Pablo Gómez
Responsable y culpable puede ser lo mismo en el derecho penal pero no es así en el terreno de la política. “Actos u omisiones que redunden en perjuicio de los intereses públicos fundamentales o de su buen despacho” es la materia de la llamada responsabilidad política que se castiga con la destitución y la inhabilitación. Comisión de delitos por parte de servidores públicos se penaliza en el mismo plano que si se tratara de otra persona. Y, finalmente, la sanción administrativa se refiere a los actos u omisiones que afecten la legalidad, honradez, lealtad, imparcialidad y eficiencia en el desempeño de las funciones públicas.
Nadie ha señalado a Ángel Aguirre como posible culpable de los asesinatos, lesiones y desapariciones forzadas de Iguala. Se le ha imputado responsabilidad política por no haber impedido la acción policíaca, aun cuando los agentes eran de Iguala y de Cocula, mediante la intervención de la policía del Estado. El tener responsabilidad política implica la separación del cargo. Eso es lo que ha sucedido con Aguirre y lo que debería suceder con Osorio Chong, quien también ignoró lo que estaba por ocurrir, lo que estaba sucediendo y lo que había pasado en Iguala, al grado de no hacer absolutamente nada y, al rato, señalar que Guerrero debía encarar solo el problema. También lo hizo Peña, pero tenemos una Constitución que exime al presidente de la República de responsabilidad política y le asigna al Congreso la remoción de los secretarios de Estado mediante juicio político.

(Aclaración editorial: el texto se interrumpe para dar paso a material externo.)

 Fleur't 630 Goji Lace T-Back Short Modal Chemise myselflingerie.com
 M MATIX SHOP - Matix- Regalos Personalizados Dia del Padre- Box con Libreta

La dirección del PRD se negó a pedir que Aguirre se retirara de la gubernatura, pero el Comité Ejecutivo Nacional, cinco días después, ha tenido que admitir que en Guerrero debe nombrarse un nuevo gobernador. Esta es una función política del partido gobernante: lograr el relevo de uno y nombrar al sustituto. Así es en todo el mundo. Pero en México seguimos con la vieja idea de que la responsabilidad política sólo la puede exigir el presidente de la República, como era antes.
La separación de Ángel Aguirre no resuelve el problema de los heridos y desparecidos, mucho menos de los asesinados, pero implica que el PRD ha tenido que asumir finalmente su propia e innegable responsabilidad. El argumento de que el gobierno federal es también responsable no le autoriza al PRD a tratar de eximirse.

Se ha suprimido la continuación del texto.